Romance + Fantasy = Literary Vandalism

As I struggle to get anything done today, the perky publicist is at me again, this time trying to get me to review something that sounds like it might be one of the worst books ever.

Because I’m not going to read the blasted thing, I won’t give the title or the author’s name: no way anyone will be able to say I gave them a bum steer. Anyhow, what matters is some general principles.

Two unwholesome cliches are basic to this book–which, incidentally, is not self-published.

First, we have the Beautiful Female Police Officer who, it turns out, much to her surprise, is the daughter of a Greek god.
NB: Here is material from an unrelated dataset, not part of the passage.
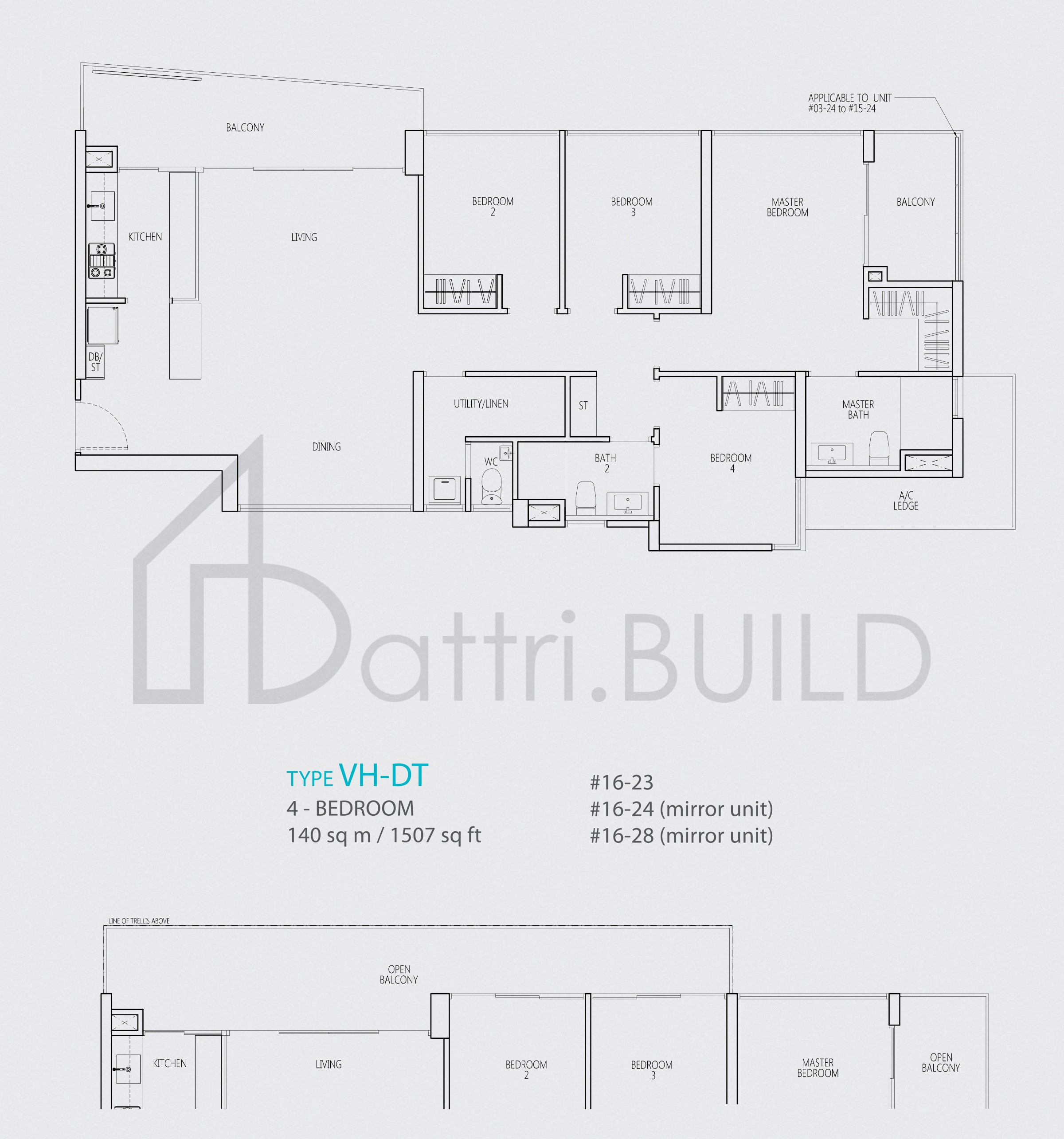 Q BAY RESIDENCES VH-DT floorplan (watermarked)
Yeah, I guess that’d surprise most people–unless they read a certain kind of squishy, nauseating fantasy. Then they wouldn’t be surprised at all, because this daughter-of-a-pagan-god thing is done to death.

Second, we have her–let me quote it exactly, because there’s no way to paraphrase the bodacious awfulness of this–“saved by the man of her dreams–the tall, dark and sexy vampire named Xen Lyson.”
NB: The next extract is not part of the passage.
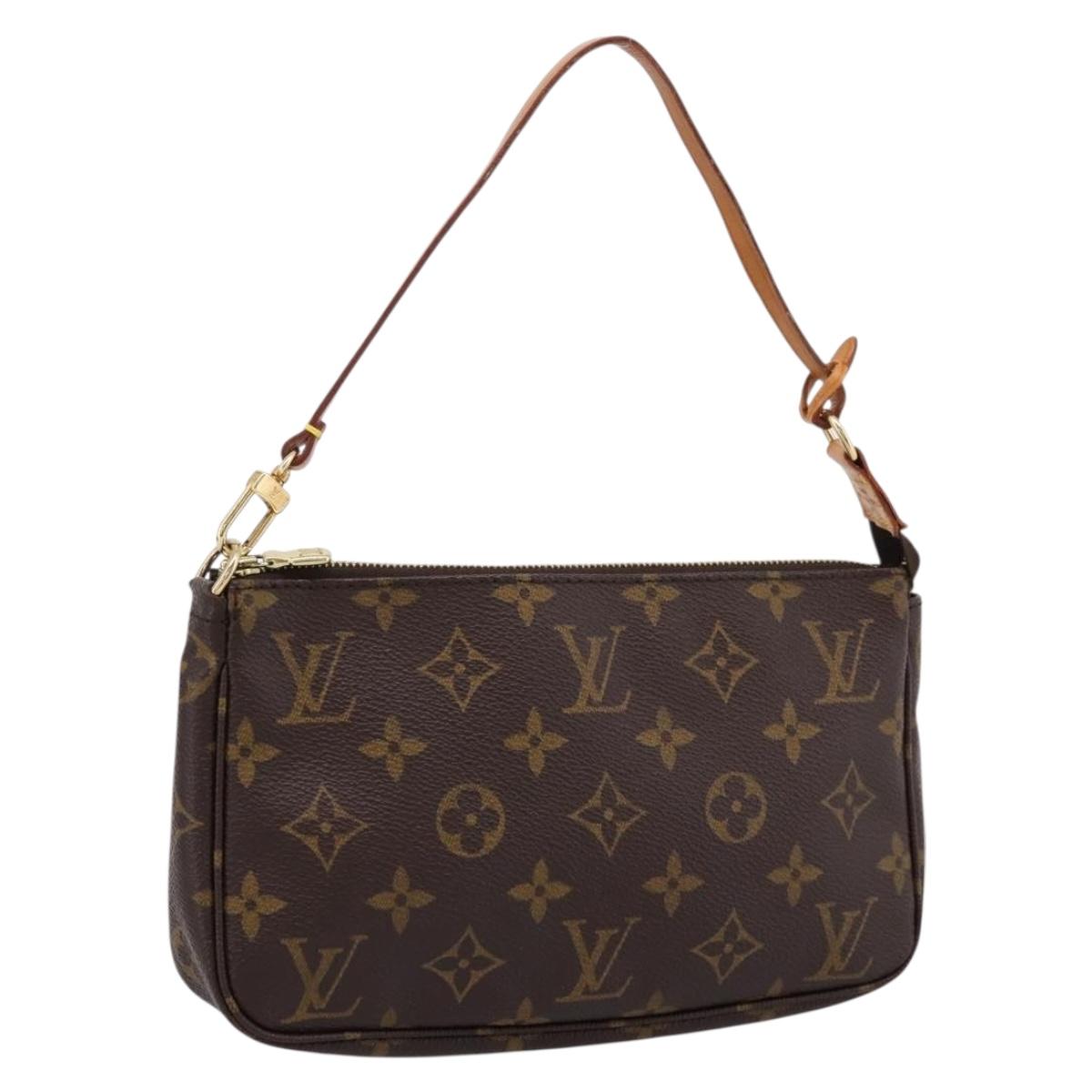 LOUIS VUITTON Monogram Pochette Accessoires Pouch M51980 LV Auth ep15841A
The publicist goes on to tell us that this author “lives with her husband and their Alpha and Beta children…” What is that? How are these different from regular children?

Are these writers and publishers and publicists trying to bury fantasy altogether? Put it out of business? Suffocate it under a mountain of tacky, unwholesome, unoriginal, stale, brainless, tiresome, lubber-headed garbage?

The sexy vampire–it ought to be a flogging offense. There’s a certain kind of romance mind-set, involving sex with entirely unsuitable objects, that totally makes me scheeve. You don’t go far in the romance genre without encountering this. To bring it into fantasy, too, is literary vandalism.